→ Directions for this task
Every line of the material below should be output exactly as written, with the images skipped.

→ Supplied information
== Segment start ==

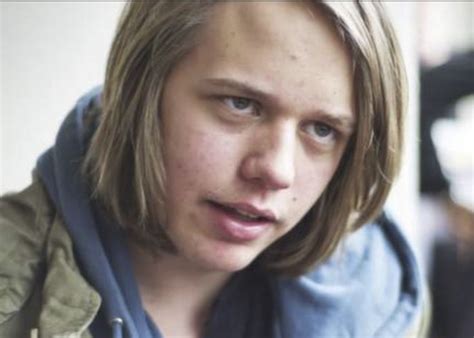 He has seven siblings, five of whom are from his father's first marriage: Valter skarsgård (med bilder)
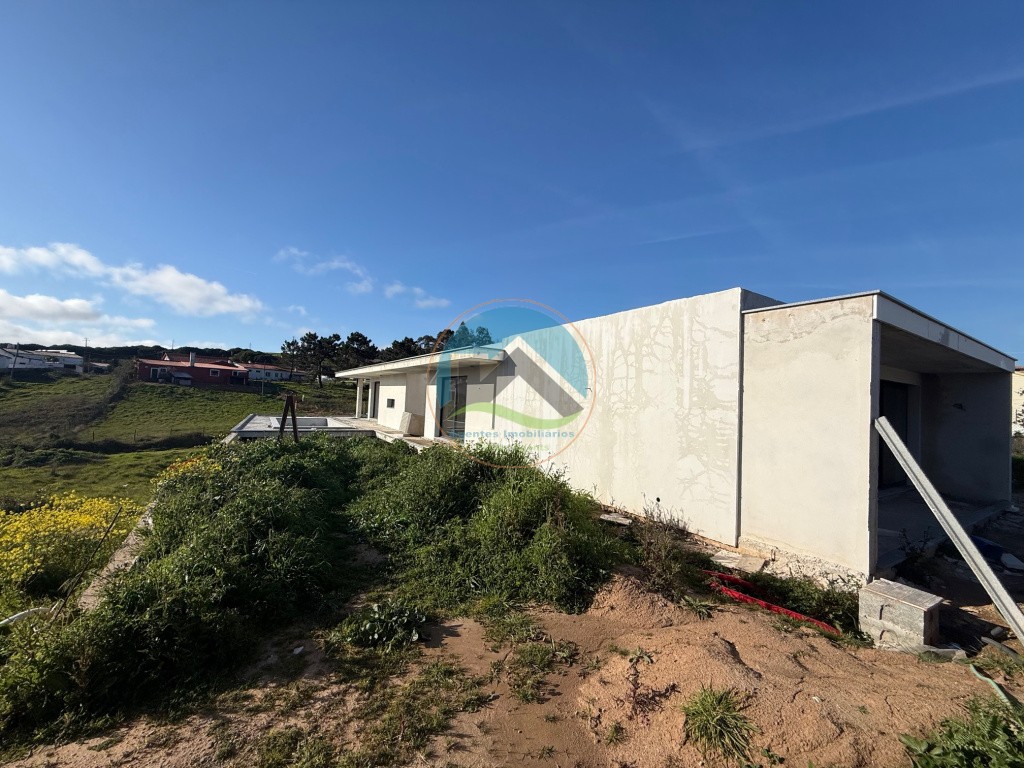 Moradia T4 com garagem, piscina e jardim - Salir de Matos, Caldas da Rainha — Photo 16
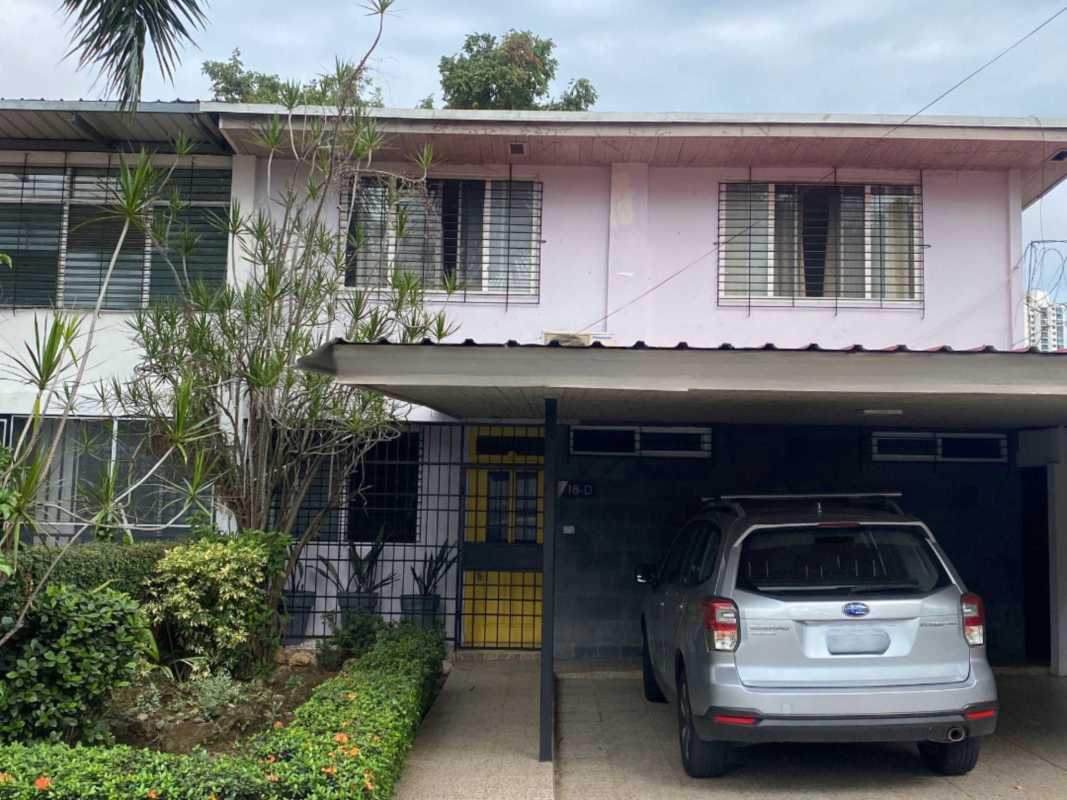 Spacious living room with staircase and natural light in Urbanizacion Herbruger property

== Segment end ==

→ Output below
 He has seven siblings, five of whom are from his father's first marriage: Valter skarsgård (med bilder)
 Moradia T4 com garagem, piscina e jardim - Salir de Matos, Caldas da Rainha — Photo 16
 Spacious living room with staircase and natural light in Urbanizacion Herbruger property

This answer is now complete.